Реализация программы Лейбница, правда, затянулась на несколько веков, потребовала создание символической логики, программирования и вычислительных машин, в которых, в том числе были воплощены некоторые принципы этой логики. «Имеются, ‒ замечает Александр Карпенко, ‒ весьма веские основания для предпочтения классической двузначной логики высказываний C2 всем остальным. В первую очередь ‒ это исключительно простая интерпретация её логических связок посредством двузначных таблиц истинности. Сейчас это кажется и правда до смешного простым, но сто лет назад это не было даже очевидным для Фреге, Рассела и Уайтхеда. Но еще более поразительной (и редкой удачей в науке) оказалась возможность интерпретации функций алгебры логики C2 посредством контактно-релейных схем, предложенная независимо друг от друга В. И. Шестаковым в 1935 г. (опубликовано в [Шестаков 1941]), К. Шенноном [Shannon 1938] и в этом же году в целой серии работ А. Накасимой» [1].

Кроме того, компьютеризация не состоялась бы без разработки «среды и языков программирования»; они, в свою очередь, опираются на моделирование процессов, формализацию и алгоритмизацию. Как я показываю в книге «Проектирование и программирование», языки программирования дают возможность записать текст программы в плане ее формы. Одновременно языки программирования определяют логику событий на уровне замещающего текста (т.е. схем, описывающих алгоритмизируемые процессы), и работы процессора.

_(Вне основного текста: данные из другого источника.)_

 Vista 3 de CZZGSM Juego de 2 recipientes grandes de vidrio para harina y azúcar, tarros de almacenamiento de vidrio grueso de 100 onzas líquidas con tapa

Каждый следующий «кортеж схем» (создаваемый на основе определенных языков программирования), начинающийся с почти предметных описаний и заканчивающийся алгоритмическими предписаниями машинного кода, содержит в себе, с одной стороны, решение поставленной перед программистом задачи, с другой ‒ смысловой и содержательный сдвиг, позволяющий перейти к следующему этапу программирования. В этом отношении языки программирования образуют настоящую среду, на развитие которой влияют новые логики и изобретение (проектирование) новых технических способов выполнения программ [3, с. 141-143].

Мощный аккорд в развитие цифровизации внес также Интернет. Только Интернет нужно понимать более широко, чем обычно принято. Не только сложная техническая система, включающая миллионы и миллионы компьютеров, серверы, электрические сети и спутники связи, но и новые средства коммуникации и своего рода живой техносоциальный планетарный организм [6, с. 235-247]. Последнее можно понять, уяснив, что Интернет разрабатывают специалисты, которые решают не только технические проблемы, но и свои личные, что эта техническая среда покрывает планету, что пакетная передача в Интернете информации напоминает биологический процесс, что многие программы создаются для разрушение других программ или их защиты, что само функционирование и развитие Интернета обеспечивается сложным семиозисом, имеющим социокультурную природу. Компьютеры и Интернет привели к формированию новой субъективности, поскольку позволили личности существенно увеличить оперативность своего мышления, вывести на экран часть своего внутреннего мира, организовать «приватный семиозис», связанный с социальным.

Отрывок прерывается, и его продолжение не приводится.